Let's start by installing the [`vxdb`](https://github.com/backchannelinc/vxdb) wrapper.

In [None]:
%pip install git+https://github.com/backchannelinc/vxdb

We then import the library.

In [4]:
from vxdb import VXDB

Now let's get authenticated. We can do that with the CLI with `vxdb login`, or by using the `login()` method.

You could also check if there is an environment variable we could use instead, called `VX_API`, and pass that into the `api_key` argument of the VXDB Class object. But for now, we stick with the `login()` method.

In [6]:
vx = VXDB()
vx.login()

We are now logged in! We can confirm that by doing a count of the repository.

In [32]:
vx.count_files()

10286481

# Putting data into tabular format with `pandas`

Many data scientists use [`pandas`](https://pandas.pydata.org/) for manipulating and analyzing data in Python. We will use it for the similar purpose of taking VXDB data and doing something with it.

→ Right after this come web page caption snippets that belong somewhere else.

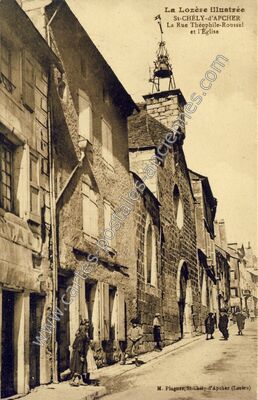 Carte postale ancienne La Rue Théophile-Roussel et l'Église — Saint-Chély-d'Apcher (Lozère)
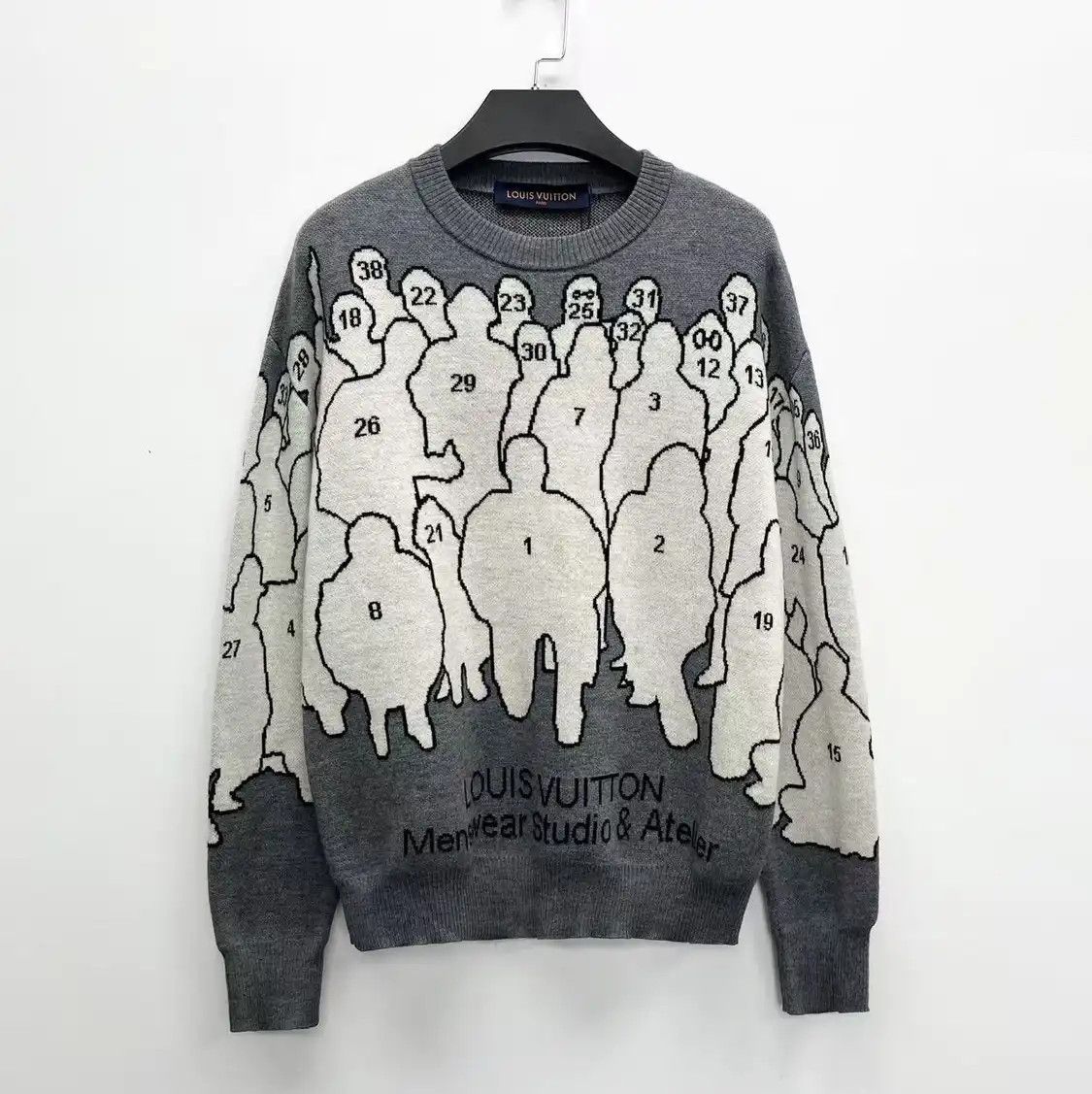 Louis Vuitton Louis Vuitton Gray Wool Blend Logo Sweater 0089 Size S / US 4 / IT 40 - 1 Thumbnail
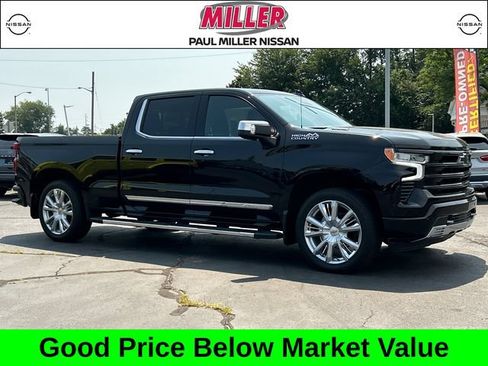 Used 2024 Chevrolet Silverado 1500 High Country w/ Technology Package AWD/4WD image 1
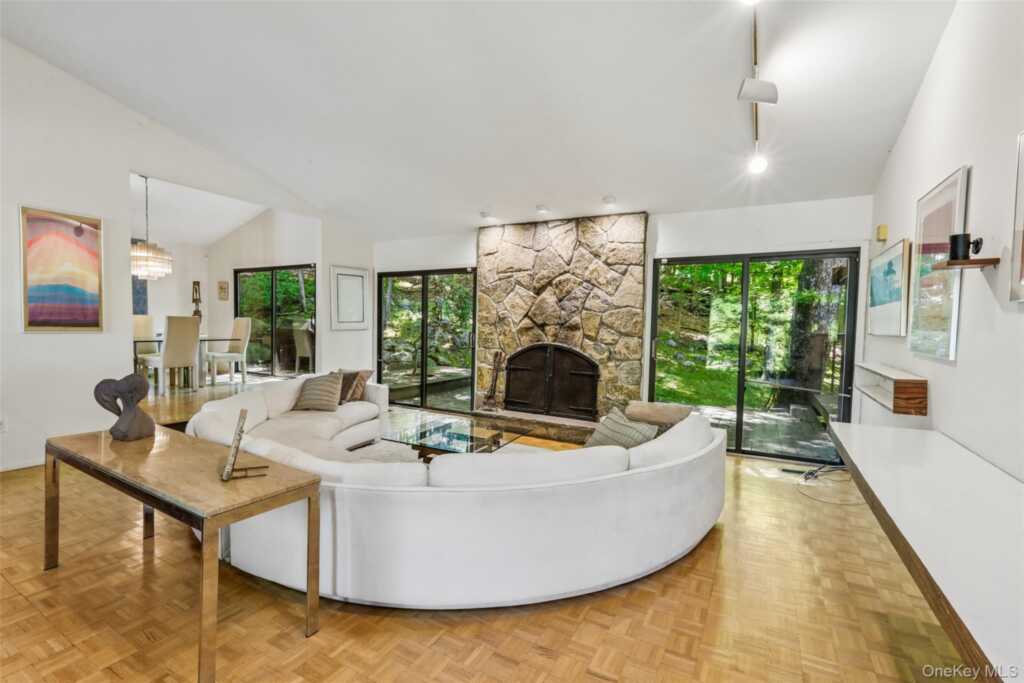 19 Rolling Way, New City, NY 10956 - Photo 14 of 50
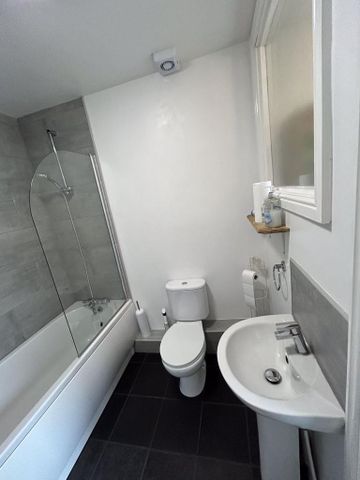 3 bedroom end of terrace house to rent - Photo 5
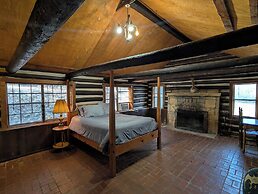 Cedarvale Cabins at Turner Falls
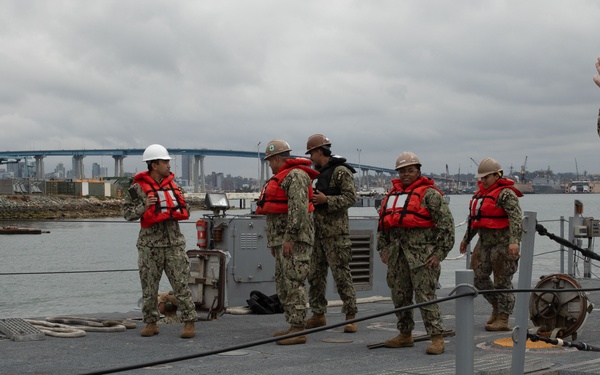 Amphibious Construction Battalion 1 Conduct Underway Training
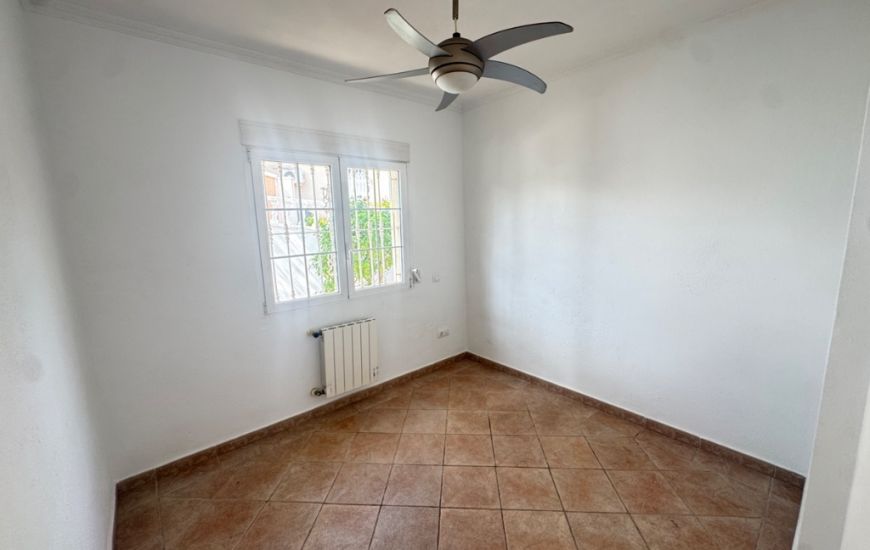 Venta - Villa - San Miguel de Salinas - San Miguel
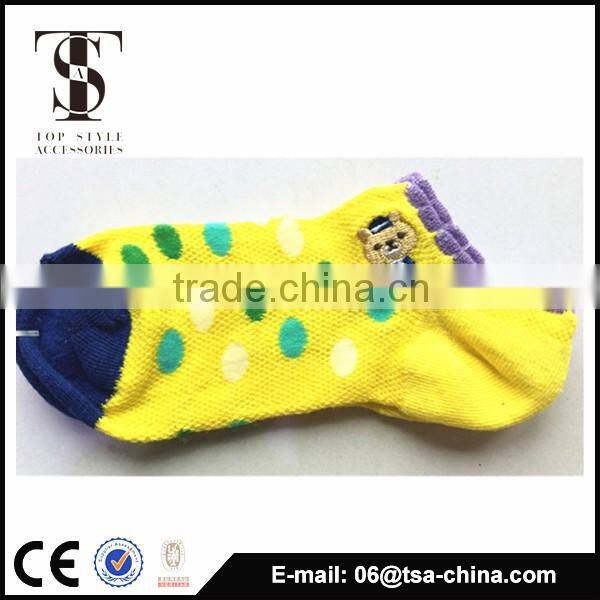 new design girl soft cotton sock,fashion round dots lady socks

First let's install `pandas`.

In [None]:
%pip install pandas

And we then import the library. We also import some standard stuff like `json`.

In [95]:
import pandas as pd
import json

We need some idea of the data and what it looks like so we know how it should be tabulated by `pandas`.

Since we are just exploring, let's start looking at some of the most recent files.

In [71]:
recent_files = vx.recent_files()
most_recent_file = next(recent_files)
most_recent_file.name

'Trojan.Win32.MicroFake.ba-1fc1cd22918ef9b0d19165edb903dc709f1cc84d356e91d3056f681a7b5ca884'

Soooooooo I kind of what a method to just dump all the available metdata about the file as a Python `dict`.

In [111]:
def sample_info(sample: vxdb.file.MWDBFile):
    return {
        'id': sample.id,
        'upload_time': sample.upload_time,
        'name': sample.name,
        'file_name': sample.file_name,
        'file_type': sample.file_type,
        'size': sample.size,
        'type': sample.type,
        'tags': sample.tags,
        'analyses': [{'id':analysis.id,'status':analysis.status,'is_running':analysis.is_running,'arguments':analysis.arguments,'processing_in':analysis.processing_in} for analysis in sample.analyses],
        # NOTE: couldn't add analysis.last_update because of some stupid error in mwdb: "TypeError: fromisoformat: argument must be str"
        'parents': sample.parents,
        'children': sample.children,
        'comments': sample.comments,
        'object_type': sample.object_type,
        'shares': sample.shares
    }

sample_info(most_recent_file)

TypeError: fromisoformat: argument must be str

In [102]:
sample_info(most_recent_file)['analyses'][0].id

'a0e63a4b-926a-4e4f-95ad-082fd4f797d4'